I forgot to do a post about the awesome food that we had on New Years Eve in France. Well, I didn't forget exactly, I just haven't had time til now.. So, here goes
Food: Smoked salmon blinis some served on blinis, others served on little rounds of wholemeal bread. I love that in France they do whole loaves of little bread specifically designed for making your little savouries. Shame we can't get those here... Where was I? Oh yes, some of those were served with 'fake' caviar, others with a dab of creme fraiche, and all with a squeeze of lemon - Yum!
As if that wasn't enough one of our friends, who is from India, had made a chick pea spice mix, which he piled into little vol au vent cases and topped with a little creme fraiche too. Yum!
To drink: Blanquette - this is a sparkling white 'wine', but it is more like champagne than wine.. it's lovely.
Starter no. 1
This one is not really my cup of tea ... foie gras. It is typically a goose, that is overfed until its' liver is engorged, and the liver is then used to make this pate. You can literally translate 'foie gras' as 'greasy/fatty liver'. However, my French friend was unable to find the goose variety, and so went for the duck version instead. When she questioned the availability of the goose variety she was (rightly) told that it is no longer available, as it is no longer acceptable to produce it, but she was told that she could have the duck variety... I can only assume, and hope, that it is not produced in the same way..

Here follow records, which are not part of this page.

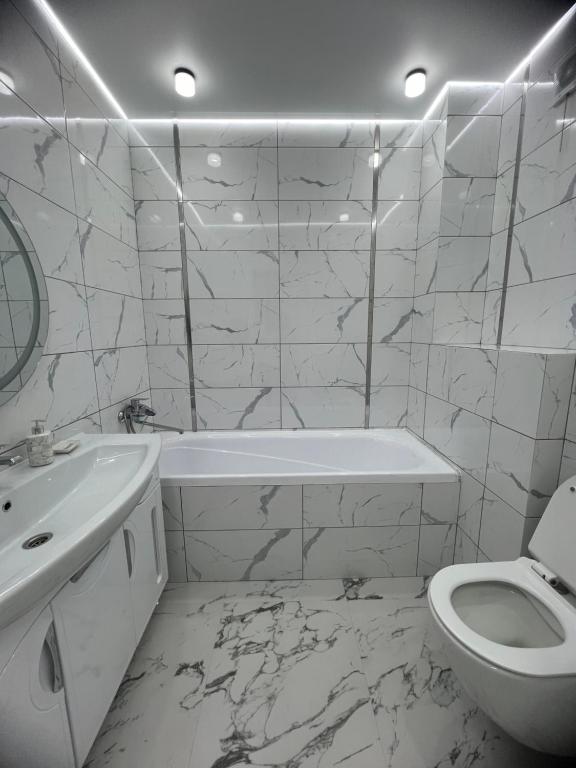 a white bathroom with a tub and a toilet at Яркая студия в новом доме in Oral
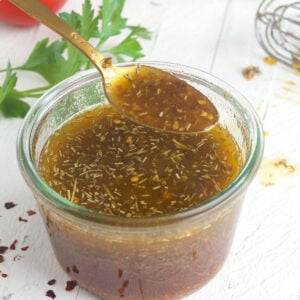 A spoon is lifting a small portion of Italian dressing out of a jar.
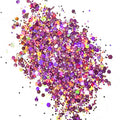 A colorful mix of purple, yellow, and multicolored chunky glitter spread on a white background.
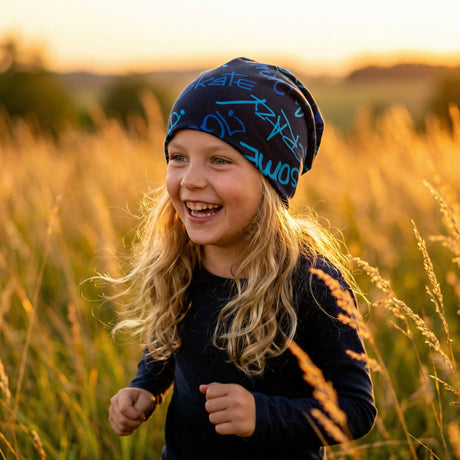 Kind mit blonden Haaren trägt eine Wollhuhn Öko Long Beanie / Wendemütze, Cool Music Blautöne, während es lachend durch ein sonnenbeschienenes Feld läuft.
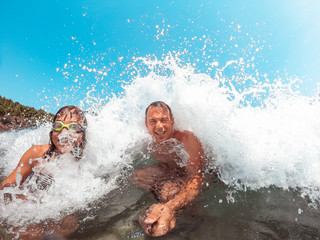 Father and daughter getting splashed by the sea wave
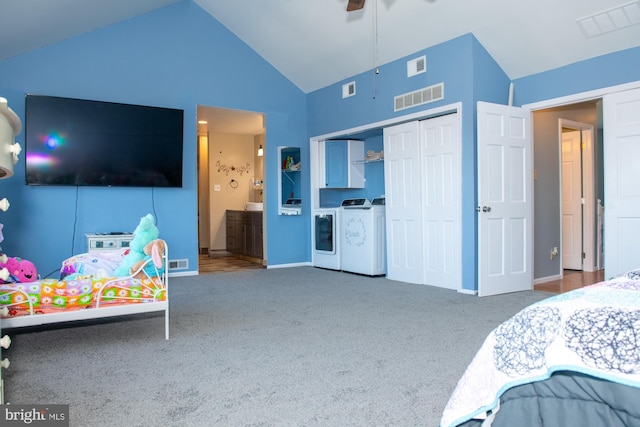 bedroom featuring carpet, a closet, visible vents, and washer and clothes dryer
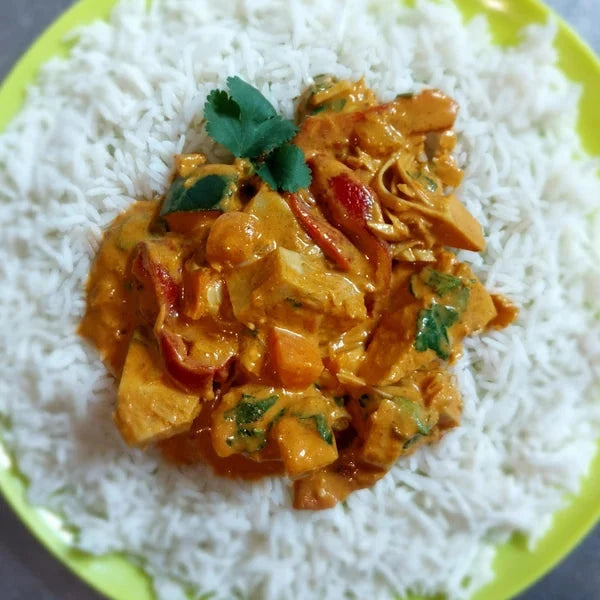 A portion of din-a-dun Jackfruit Curry served on a plate with rice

This was served with what can only be described as fig jam with whole great figs in sugary syrup. This also came with the little toasts which also had figs studded through them.
To drink: A specific sweet wine that is matched to the foie gras. Cannot remember the name, didn't even see the bottle. Just slurped and munched. It was good but not as good as the Aperitif nibbles, nor what was to come.
Starter no. 2
Huge, massive langoustines which I ordered from E.LeClerc (French Supermarket) and collected on New Year's Eve, thus skipping all the queues. Result!
When I got them home, I tossed them in garlic, lemon juice, olive oil and salt and pepper, and left them to their own devices in the fridge. Later they were grilled on an open fire with more lemon on the side and finger wipes. Yum.
To drink: I'm not sure what this was called, but I know it had 'Oceanique' in the title, e.g. 'of the ocean' so once again my friend has bought a wine to match the food. As I recall this was a delicious, crisp white.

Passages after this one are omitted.